PW: How much of the story did you work out in advance?

JS: I had the long view, goals, places the characters needed to get to in order to move forward—but until I got to that point, I allowed myself to explore and let the story go where it would. That's the only way to write comedy. You can't really meticulously plot jokes—you have to let go, and when the characters get into trouble, you see what's interesting. Overall, there were very few changes. I've pretty much told the story I wanted to tell. Somewhere I have the last page that I drew in 1989 before I started. It's very similar to the final version, with the exact same joke.

PW: Would you do more with Bone at some point?

JS: I wouldn't do a sequel. I stand firm on that. But feeling as I do about the characters, I'm positive I have to do something with them, whether I draw them or do a short story or unrelated things. But Bone is a stand-alone.

PW: What's the origin of your deal with Scholastic?

JS: Art Spiegelman and Francoise Mouly suggested to Scholastic that Bone would be the place to start with their graphic novel program. I don't know what they said to Scholastic about Bone, but when we were suddenly contacted by the president and publisher, Jean Feiwel, she was very excited and said everything right to us. We were blown away. I was resistant at first because I don't really think of Bone as a children's book. I didn't write it as a children's book. But Art convinced me that one of the reasons it was a good children's book was that I didn't write it for children.

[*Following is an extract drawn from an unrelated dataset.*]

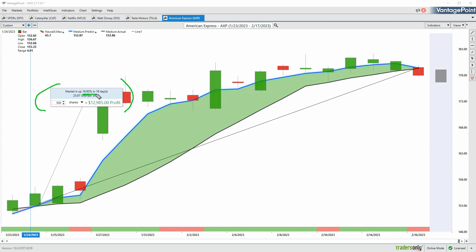So we'll leave it there. Really great Hot Stocks Outlook for the week, some really exciting opportunities opening up. Once again, this has been February 17th, 2023. Thank you all for watching, best of luck, and see you all again. Bye for now.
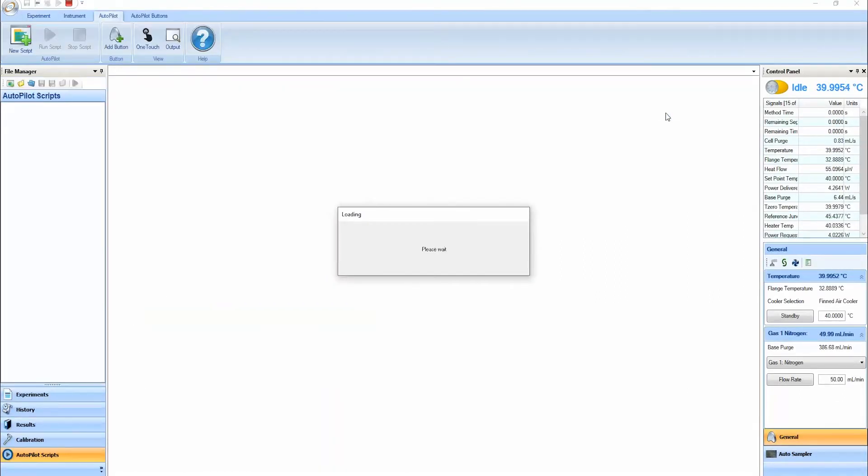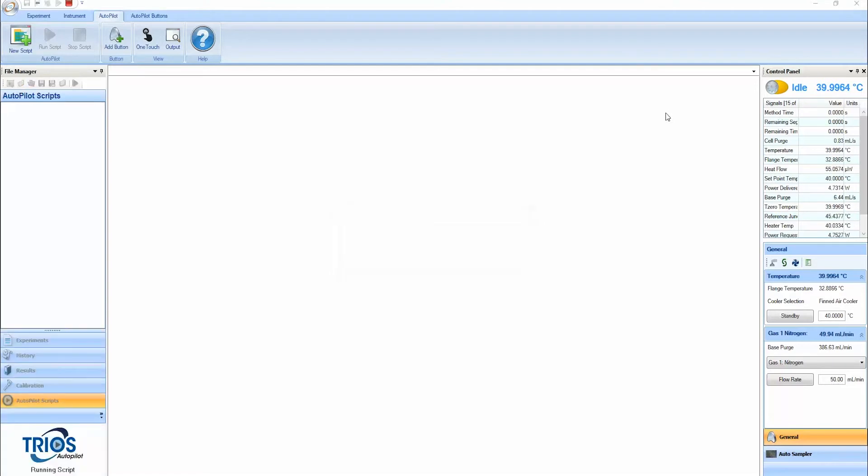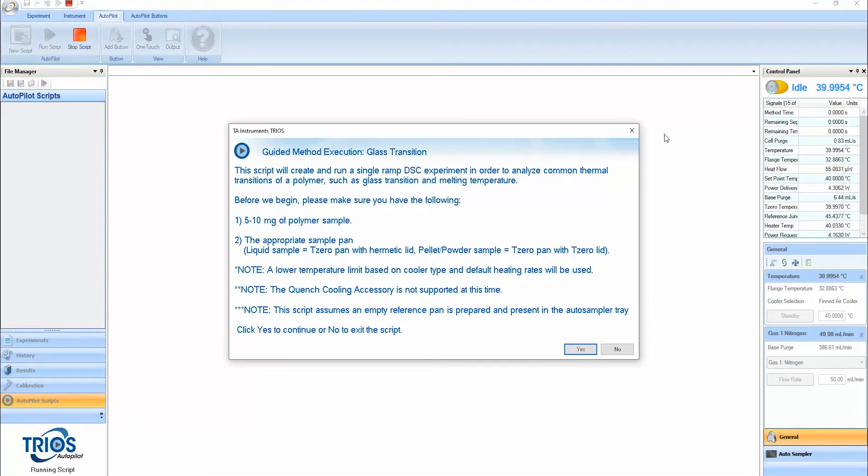With guided methods, Trios provides a simplified user interface and an instructional framework to reduce training time, reduce mistakes, and reduce user-to-user variability.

PW: What are your hopes for Bone in the mass market?

JS: I don't know what to expect from it. I look at it a little like a parent seeing his kids graduate and they're off on their own now. I feel like Scholastic is going to take them somewhere, even though I'm going to be on the road promoting it just as hard as I ever did. I can only explain that it's the book I wanted to read when I was nine, and I had to wait until I was 44 to actually read it.